# drywall for me



## leo (Dec 11, 2012)

hey guys anybody knows what is the best price for new homes drywall install so that i can start bid i need some help i hang board before but it was hourly all the time and finally got liscence want to try it hopfully woks.


----------



## moore (Dec 2, 2010)

leo said:


> hey guys anybody knows what is the best price for new homes drywall install so that i can start bid i need some help i hang board before but it was hourly all the time and finally got liscence want to try it hopfully woks.
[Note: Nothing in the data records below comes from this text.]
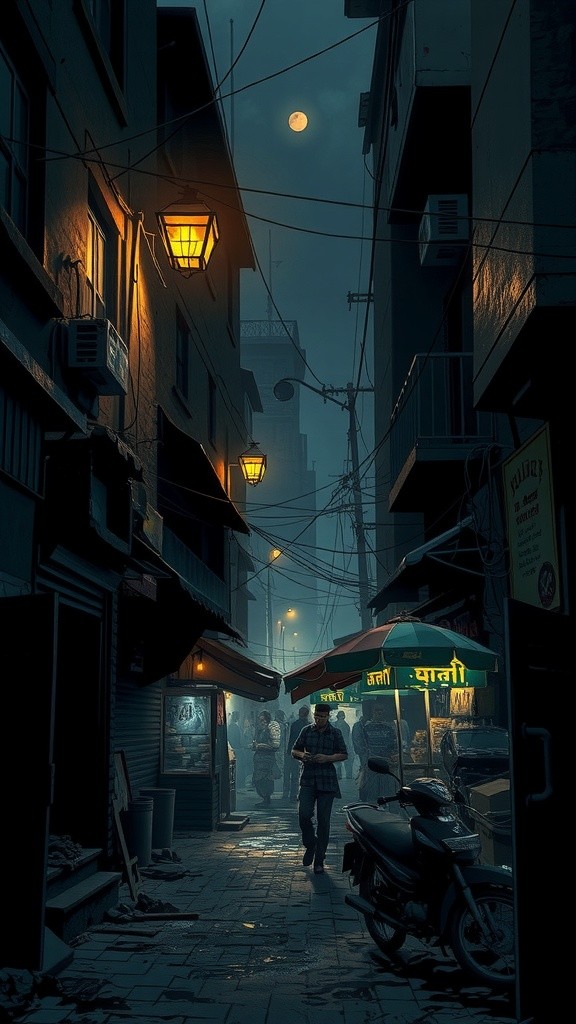 शहरी किंवदंती: एक भयावह कहानी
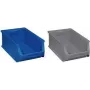 Uzglabāšanas kaste allit ProfiPlus 500x310x200 mm, zila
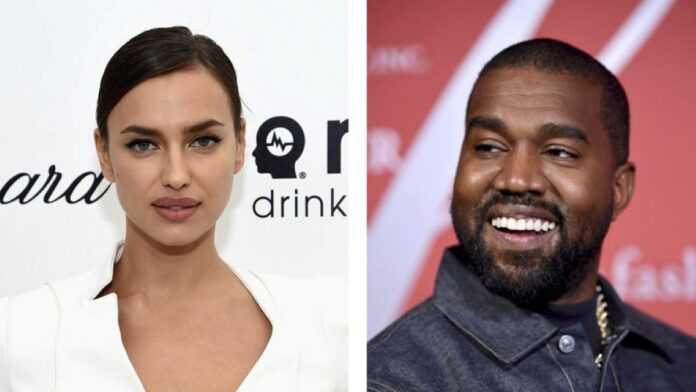 Irina Shayk et Kanye West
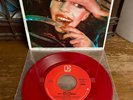 THE CARS Just What I Needed RARE RED VINYL 45 w/ Picture Sleeve VG+/NM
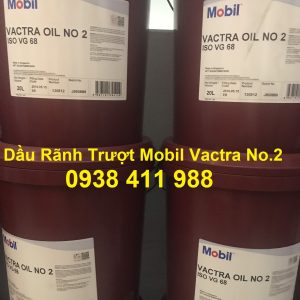 Dầu Rãnh Trượt Mobil Vactra Oil No2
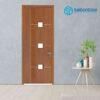 CỬA GỖ PHỦ NHỰA PVC Phoi canh cua go MDF 4 Cửa gỗ phủ nhựa PVC Phoi canh cua go MDF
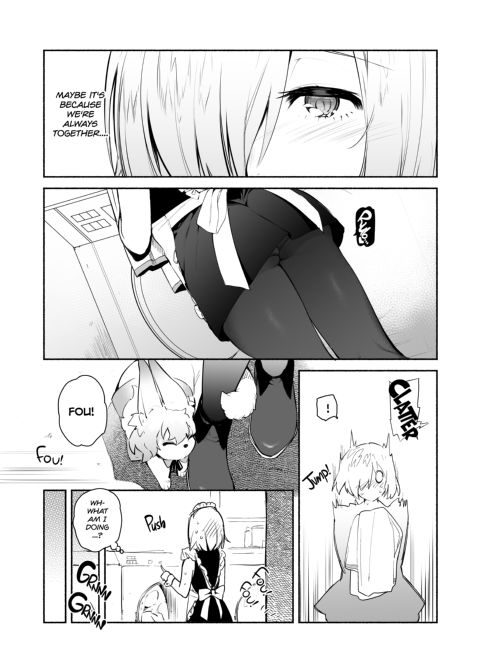My Kouhai Maid is Looking After Me Chapter 1 page 8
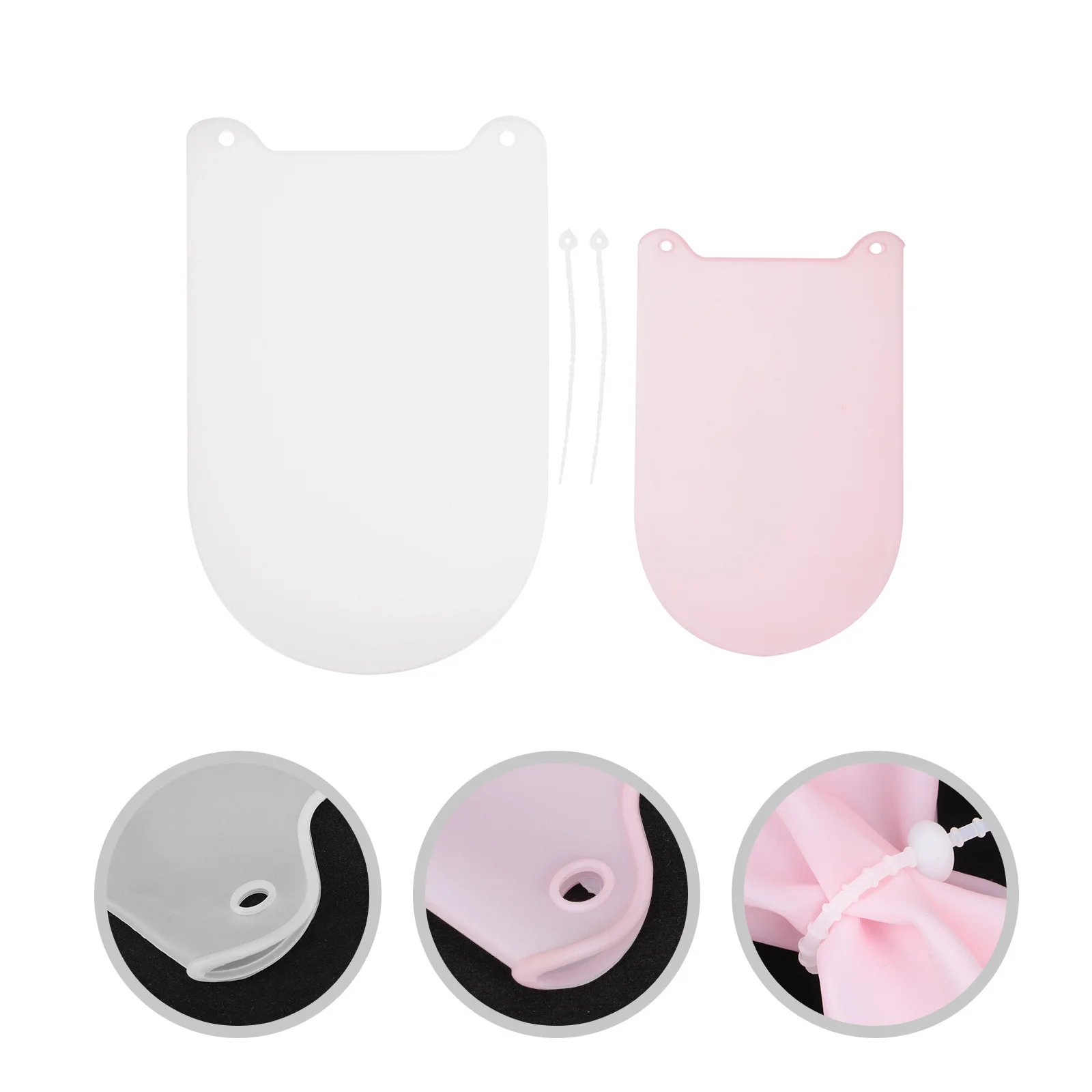 

2Pcs Easy Clean Silicone Kneading Dough Pouch for Baking Bread Dumpling Noodles Making Tool Non-Slip Kitchen Bakeware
Hope it woks for ya Brother!!!


----------



## SlimPickins (Aug 10, 2010)

leo said:


> what is the best price for new homes drywall install


Not Enough.


----------



## smisner50s (Jan 6, 2011)

leo said:


> hey guys anybody knows what is the best price for new homes drywall install so that i can start bid i need some help i hang board before but it was hourly all the time and finally got liscence want to try it hopfully woks.


Best of luck...running a bussiness is super easy..


----------



## Arey85 (Jan 2, 2010)

leo said:


> hey guys anybody knows what is the best price for new homes drywall install so that i can start bid i need some help i hang board before but it was hourly all the time and finally got liscence want to try it hopfully woks.


This is a joke right??? C'mon. This is your well thought out business plan? Pay for a license and assume you're good to go.... Right after you ask some people on the Internet the fundamental basics of doing business, how much to get paid. Nevermind the fact that you couldn't be more vague with your question. Yea buddy good luck!!! There's only one set price for "new homes" cuz they are all the same. People like you are why I'm running around for the last few weeks trying to hit 4 jobs a day doing bullish!t repairs after people who just thought they would up and start doing drywall for a living out of nowhere. Anyone wanna guess what kind of week I'm having????


----------



## SlimPickins (Aug 10, 2010)

Arey85 said:


> This is a joke right??? C'mon. This is your well thought out business plan? Pay for a license and assume you're good to go.... Right after you ask some people on the Internet the fundamental basics of doing business, how much to get paid. Nevermind the fact that you couldn't be more vague with your question. Yea buddy good luck!!! There's only one set price for "new homes" cuz they are all the same. People like you are why I'm running around for the last few weeks trying to hit 4 jobs a day doing bullish!t repairs after people who just thought they would up and start doing drywall for a living out of nowhere. Anyone wanna guess what kind of week I'm having????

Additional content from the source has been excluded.